Cette « chronique du Mycelium » est proposée par Gérard Langlois Meurinne, psychiatre, psychothérapeute et membre du Courant pour une écologie humaine. Cette tribune (régulière) sur l’écologie humaine a pour objet, cette fois-ci, le temps de l’histoire qui génère notre humanisation.
Mycelium_Article

Dans ma dernière chronique, je vous parlais d’une étape de « personnalisation » dans ce long processus, reprenant le mot d’Emmanuel Mounier employé avant-guerre. Il s’agit en effet d’un mouvement, d’une marche, loin d’être terminés. Il a été identifié et nommé par plusieurs chercheurs en humanité, chacun à sa façon : citons entre autres, au XXème siècle, Henri Bergson (« L’évolution créatrice »), Carl Gustav Jung (qui proposait de le nommer « individuation »), Pierre Teilhard de Chardin (« Le phénomène humain »), Paul Diel (« Psychologie de la motivation ») et André Rochais (fondateur de PRH – Personnalité et Relations Humaines). Vous vous rappelez que je citais aussi des hommes appartenant à des cultures et des époques bien différentes : Confucius, Saint Augustin et Gandhi, comme des phares de l’humanité ayant prôné le perfectionnement collectif… initié par un indispensable perfectionnement individuel.

Aujourd’hui, nous aborderons cette « humanisation » à la lumière de recherches récentes. Après avoir lu le passionnant « Sapiens, une brève histoire de l’humanité » de Yuval Noah Harari, auteur éclairant quoiqu’un peu simplificateur et partisan, j’ai passé un long moment en compagnie d’Abdennour Bidar avec son « Histoire de l’humanisme en Occident », somme historico-philosophique qui retrace l’évolution de notre humanisme occidental depuis l’antiquité grecque en passant par le Christianisme, la Renaissance, les Lumières et la société des Droits de l’Homme. Continuité d’un mouvement remarquable qui a besoin néanmoins, périodiquement, de se renouveler et de se compléter. Sensation d’une quête collective qui se poursuit car jamais complètement satisfaite. Cette quête est le produit d’une époque et, à son tour, appelle et prépare l’époque suivante. Livre passionnant pour tous ceux qui veulent mieux saisir nos racines et comprendre le chemin parcouru et s’engager à leur tour à porter leurs fruits dans le temps présent. Un simple regret : l’auteur s’arrête au mouvement moderne des droits de l’homme, doutant quelque peu qu’il puisse se prolonger. On a envie de lui dire : « Mais Abdennour, vous qui avez vu et suivi ce « courant » qui a porté nos sociétés, vous pouvez, sans garantie certes, vous fier à ce même courant pour l’avenir. Il n’est pas épuisé. Si nous parlons actuellement d’une « étape de personnalisation » c’est que nous sommes plusieurs à voir l’humanité avancer encore sur son chemin d’humanisation qui sera bien évidemment semé d’embûches ».

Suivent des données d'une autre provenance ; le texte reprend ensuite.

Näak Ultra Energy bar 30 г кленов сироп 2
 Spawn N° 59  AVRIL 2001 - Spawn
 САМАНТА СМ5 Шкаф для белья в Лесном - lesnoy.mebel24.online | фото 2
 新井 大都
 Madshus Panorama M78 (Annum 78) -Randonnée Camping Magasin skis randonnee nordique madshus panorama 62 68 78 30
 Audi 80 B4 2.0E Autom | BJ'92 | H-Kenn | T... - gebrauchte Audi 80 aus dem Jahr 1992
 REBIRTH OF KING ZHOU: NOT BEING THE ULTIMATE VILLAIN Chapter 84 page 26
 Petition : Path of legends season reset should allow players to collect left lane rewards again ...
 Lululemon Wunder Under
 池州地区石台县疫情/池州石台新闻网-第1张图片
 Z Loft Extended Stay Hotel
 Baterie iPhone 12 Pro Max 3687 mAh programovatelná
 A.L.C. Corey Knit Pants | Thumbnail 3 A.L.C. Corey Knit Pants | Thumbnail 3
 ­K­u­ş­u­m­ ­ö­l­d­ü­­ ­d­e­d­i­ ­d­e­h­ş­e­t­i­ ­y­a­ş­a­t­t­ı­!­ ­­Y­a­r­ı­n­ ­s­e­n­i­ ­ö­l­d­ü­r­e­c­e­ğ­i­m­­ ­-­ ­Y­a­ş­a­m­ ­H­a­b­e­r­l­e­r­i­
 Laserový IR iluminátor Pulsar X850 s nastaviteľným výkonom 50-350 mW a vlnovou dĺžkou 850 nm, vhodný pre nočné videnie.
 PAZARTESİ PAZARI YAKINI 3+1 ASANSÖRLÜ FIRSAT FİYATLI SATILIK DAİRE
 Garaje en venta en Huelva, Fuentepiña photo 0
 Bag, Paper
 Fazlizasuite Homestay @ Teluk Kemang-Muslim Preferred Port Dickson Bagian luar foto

À l’avenir, je crois intuitivement que ce processus de « personnalisation » fera plus encore appel à nos ressources intérieures. Ce sera aussi un chemin d’intériorisation rendue nécessaire face aux défis nouveaux (par exemple :  plus de discernement, plus de solidarité, resacralisation de l’univers et de la nature, etc.). Il y aura bien sûr des dérives (tentation de toute-puissance grâce à la technique, tentation d’inventer un homme nouveau, nihilisme, matérialisme béat) et aussi comme toujours des résistances, compréhensibles, au changement (« nous allons dans le mur, revenons en arrière, c’était mieux avant ! »).

Et puis, je suis passé à une lecture que j’ai trouvée remarquable : il s’agit de « La part d’ange en nous, histoire de la violence et de son déclin » de Steven Pinker, professeur de psychologie cognitive et évolutionniste à Harvard, livre sorti récemment en France. Pinker, fort de trente années de recherche, montre à quel point la violence a baissé au cours de l’histoire et comment ce déclin s’est accéléré depuis la fin de la dernière guerre. Mais attention… je sens chez certains d’entre vous des moues sceptiques car beaucoup sont persuadés que nous vivons dans l’époque la plus dangereuse et anxiogène qui soit. Qu’en est-il, si nous acceptons de lever notre nez du guidon et de prendre du recul ? Voici un exemple cité par Pinker : aujourd’hui en France les risques que nous ayons de périr par homicide (toutes causes confondues) sont 40 fois moins élevées qu’au Moyen-Âge ; pour une femme, les risques d’être violée sont 25 fois moins élevées et pour un nouveau-né, les risques de subir un infanticide sont 2000 fois moins élevées. Les victimes du terrorisme sont partout moins nombreuses que les morts par piqûres de guêpe. Ce phénomène, particulièrement spectaculaire en Europe occidentale, est aussi à l’oeuvre, malgré un décalage, aux États-Unis et dans des cultures aussi différentes que le Brésil, la Chine ou l’Inde.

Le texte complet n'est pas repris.